It's the HLR
I happen to know that T-Mobile are upgrading their HLRs around about now, and it sounds like this is what caused the problem. Having a backup close to hand sounds a lot like -- we migrated, it was fecked, we rolled back.
There's not really much you can do in these instances. HLRs are a bit old skool (at least the ones T-Mobile were replacing) and are designed to be highly available, highly resilient in their own right. But, if you're swapping from one to another -- there's always a chance things can go wrong.
To be honest, it seems like they did a pretty good job of containing the issue.

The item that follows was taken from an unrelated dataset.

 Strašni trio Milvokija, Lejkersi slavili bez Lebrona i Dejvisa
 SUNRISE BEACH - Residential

@Danny: SQL Server? Are you having a laugh. That's _certainly_ not carrier grade. If the HLRs were SQL Server based, you'd never connect a call!

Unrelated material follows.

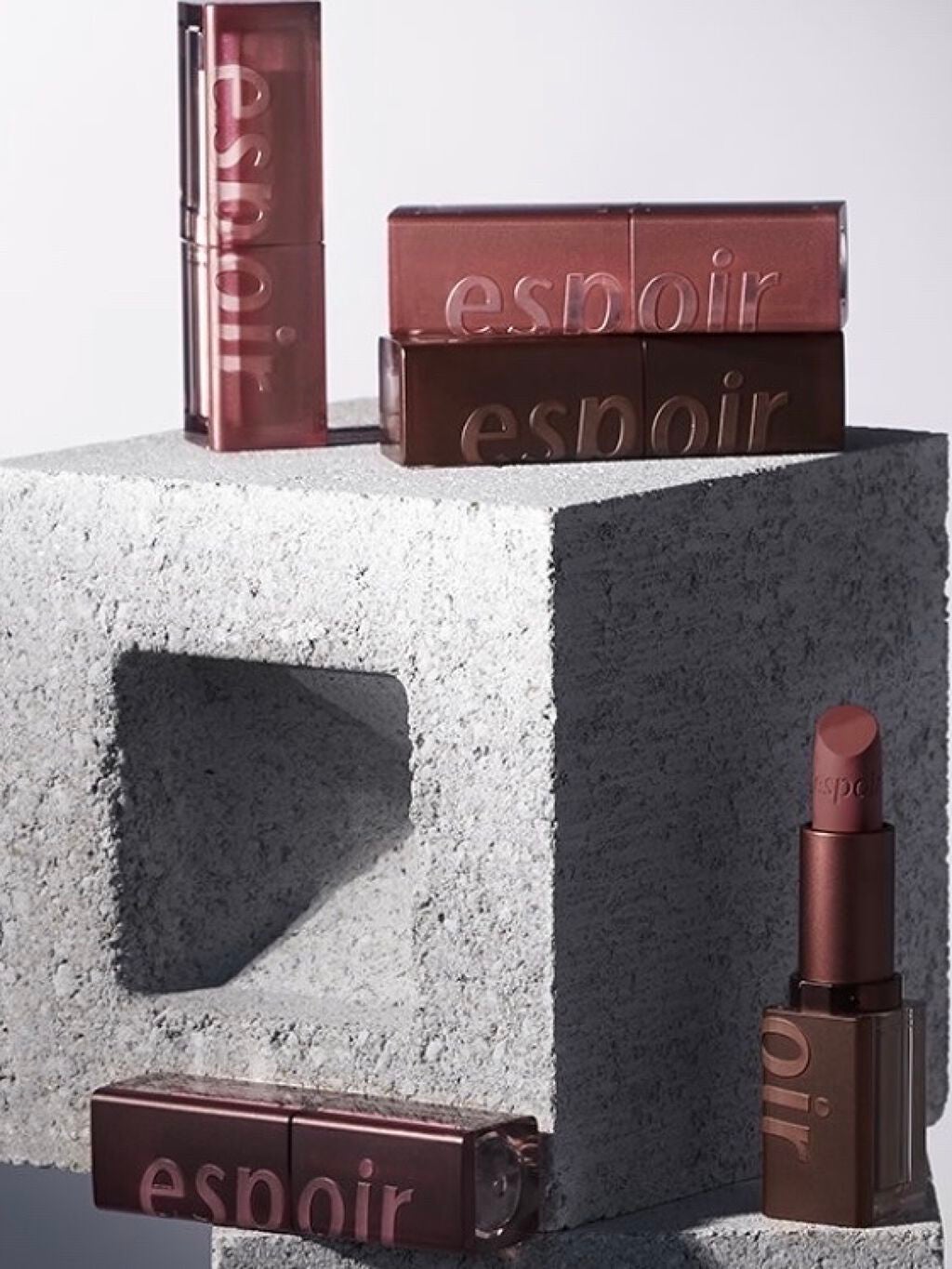 ai on LIPS 「このリップいいからほかのも欲しい😭💕💕#espoir#リップ#..」(1枚目)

@Yorkshirepudding: that's really just physics, and not much T-Mobile can do about it ("ya cannae change tha laws of physics, cap'n, etc. etc.). T-Mobile runs at 1800MHz, while O2 (and Voda) are on 900Mhz. The low frequency has greater penetration. Hence O2 and Voda customers can use their phones where Orange and T-Mobile cutomers can't. As far as I'm aware, all networks are using 2100Hz 3G, so are all as fecked as one another in that area.
Paris, 'cos we all know when she goes down.